→ INFORMATION PROVIDED:
__________________________________________________

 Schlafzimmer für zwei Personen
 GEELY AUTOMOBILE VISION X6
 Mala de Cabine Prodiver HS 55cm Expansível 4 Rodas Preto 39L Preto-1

__________________________________________________

→ EXERCISE GOAL:
Lines from the one containing "GEELY AUTOMOBILE VISION X6" through the last line of the listing are to be restated word for word; no other line may appear.

→ RESPONSE:
 GEELY AUTOMOBILE VISION X6
 Mala de Cabine Prodiver HS 55cm Expansível 4 Rodas Preto 39L Preto-1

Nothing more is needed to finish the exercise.